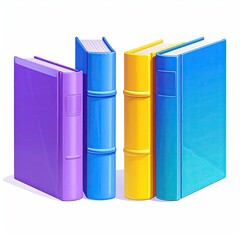 Four brightly colored hardcover books standing upright on a white surface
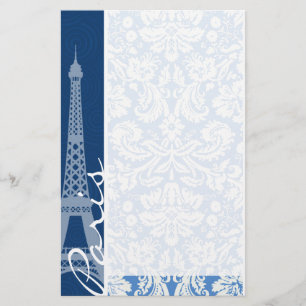 Blue Damask; Paris Briefpapier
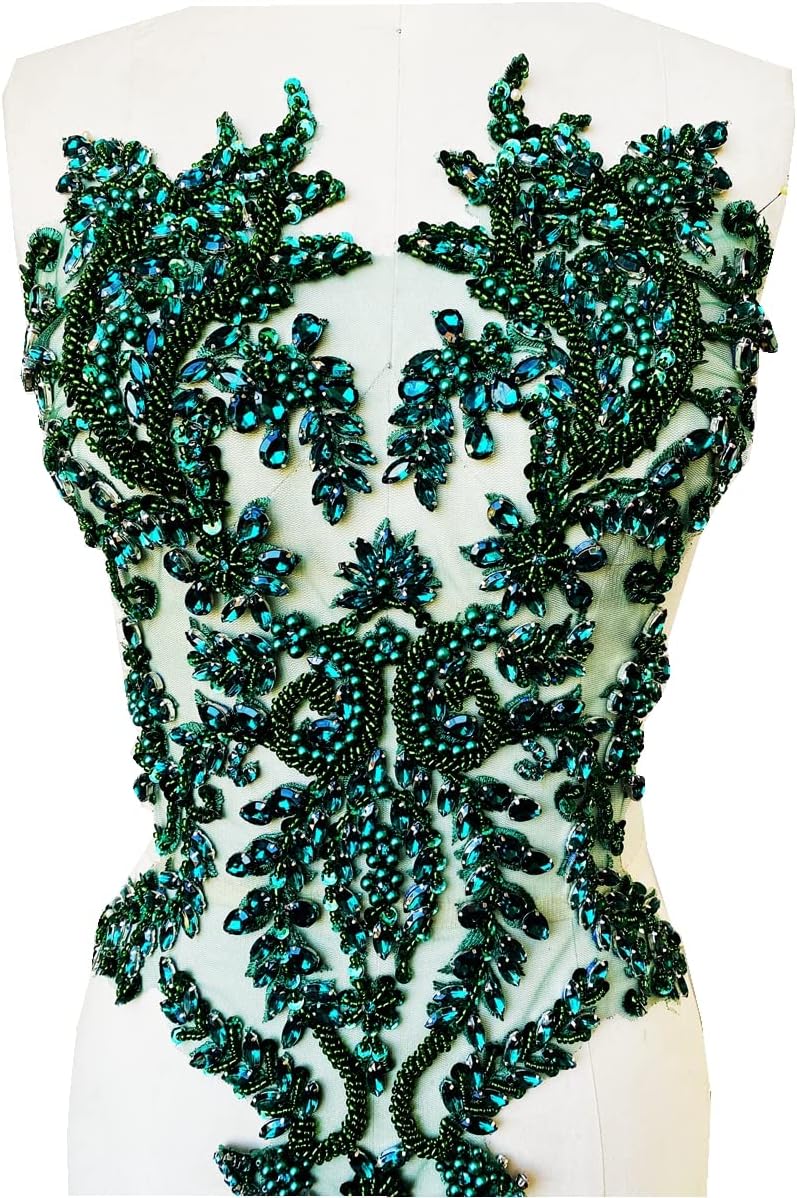 Handmade Rhinestones lace Appliques sew on Beads Trim Patches for Dress Clothing Accessories (deepgreen)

----

Assignment - The lines needed are those from the one containing "Blue Damask; Paris Briefpapier" through the end of the listing, given again word for word and without any picture.

Your response -
 Blue Damask; Paris Briefpapier
 Handmade Rhinestones lace Appliques sew on Beads Trim Patches for Dress Clothing Accessories (deepgreen)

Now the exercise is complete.